In 1900 he left Cyprus for Naples where he studied philosophy and then to Athens for theology studies. He also traveled to Egypt in search of employment. On his return he began working as a teacher in the capital Nicosia. He first worked at the Pancyprian Gymnasium from 1910 to 1912 as a French language teacher and then at The English School. He also served as the first headmaster of the Mitsis Commercial Academy at Lemithou.

Lipertis died in Nicosia in 1937.

In 1978, his portrait was depicted on one of two stamps in a commemorative issue themed on Cypriot poets. The other stamp depicted Vasilis Michaelides.

Outside the theater of the Municipality of Strovolos, his bust is decorating the entrance on the left while the bust of Vasilis Michaelides stands on the right side.

==Works==
He wrote and published some poetry in katharevousa but the main body of his work is in the Cypriot Dialect. Some of his poems have been set to music by Cypriot composer Achilleas Lymbouridis and Greek composer Dimitris Layios.
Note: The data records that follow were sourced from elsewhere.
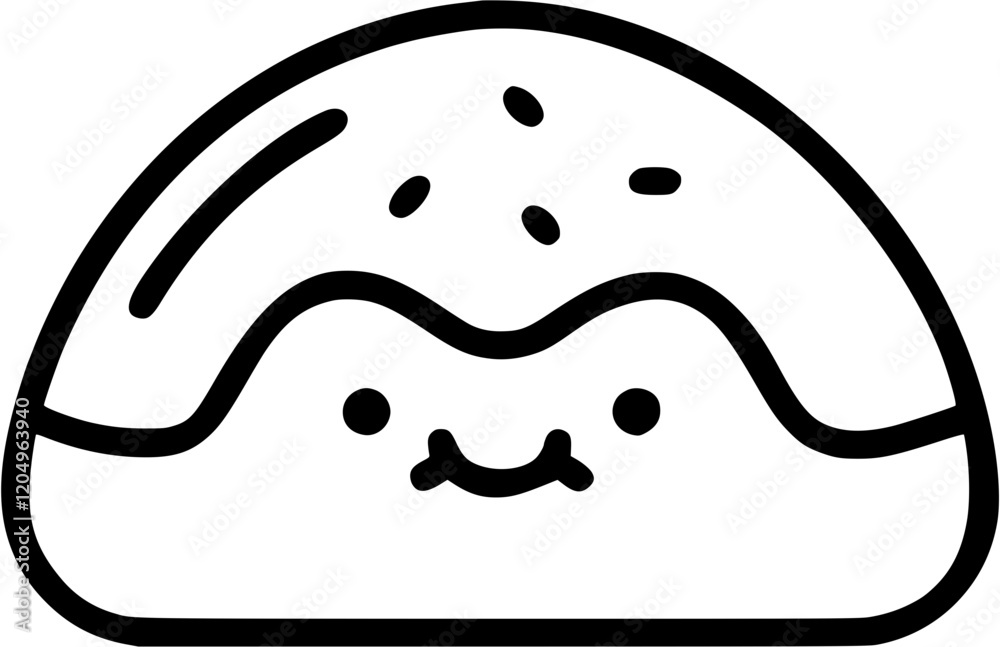 Sakura mochi in outline icon style, japanese food theme.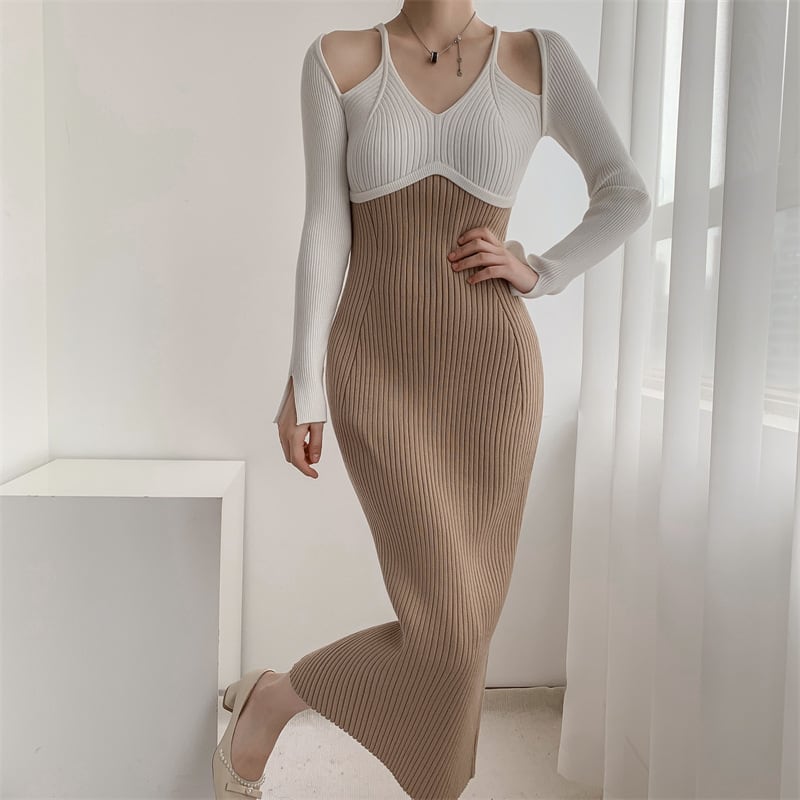 【dress】配色ニットワンピース　M25545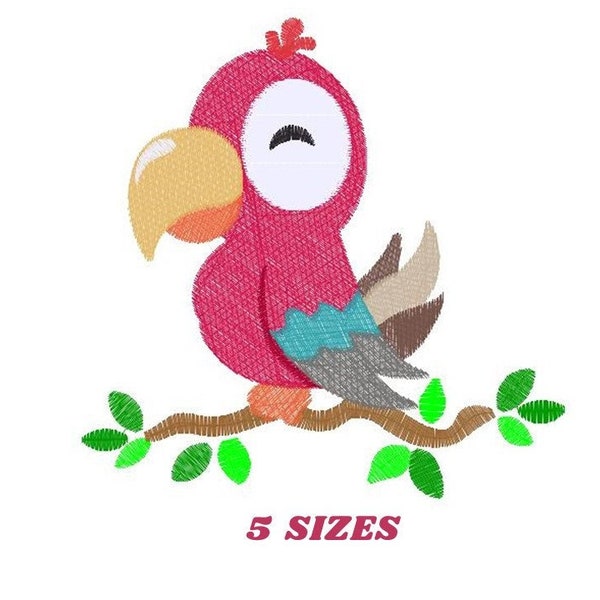 Parrot embroidery designs - Bird embroidery design machine embroidery pattern - instant download - baby girl embroidery file download pes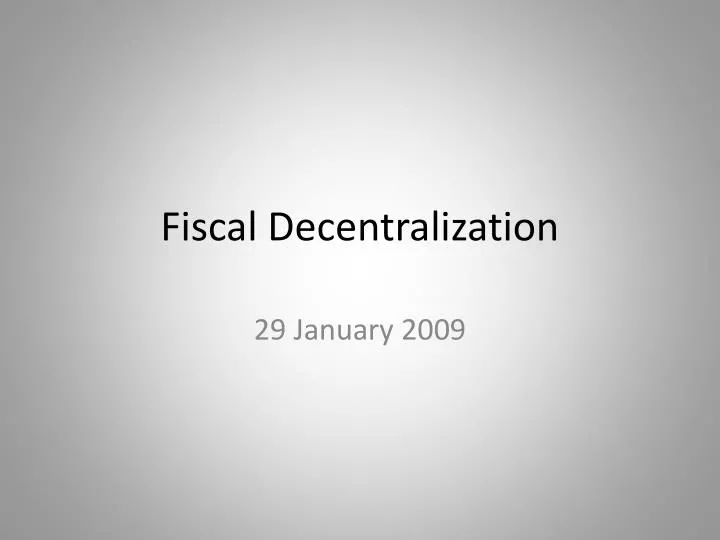 fiscal decentralization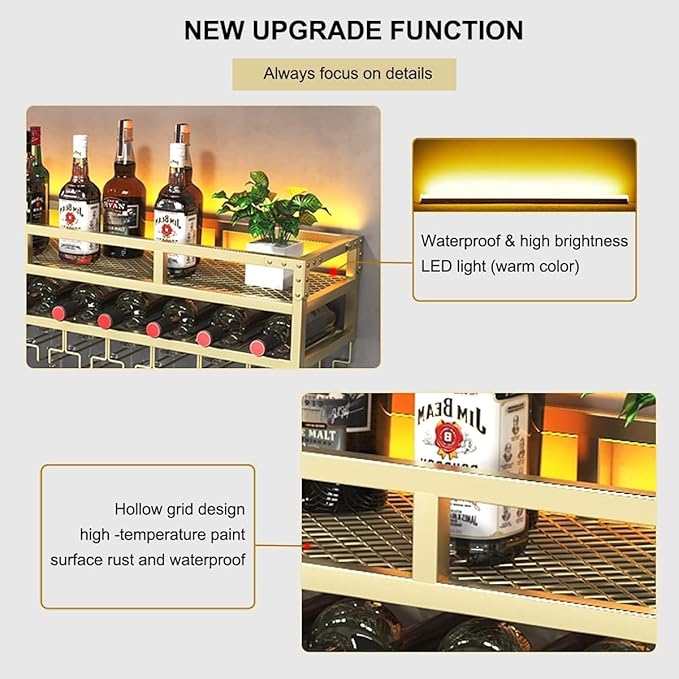 LED Wine Rack Wall Mounted, Industrial Metal Wall Wine Shelf & Glass Holder, Large Floating Shelves Wine Bottle Storage Display Rack for Home Bar Dining Room Decor(Gold, 31.5 x 9.8 x 10.6 inch)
He is considered as one of the most prominent modern Cypriot poets and has been the theme of stamps issued by the Cyprus Post Office.

He published 3 collections of poems:
- 1891 - The relaxed harp (Halaromeni Lira - Χαλαρωμένη Λύρα)
- 1898 - Stoni (Στόνοι)
- 1923 - The Cypriot Songs (Tzipriotika Tragoudia - Τζ'υπριώτικα Τραούδκια)
In addition his private letters to various people were characterized by a vivid and intelligent content with clever humor and literary merit.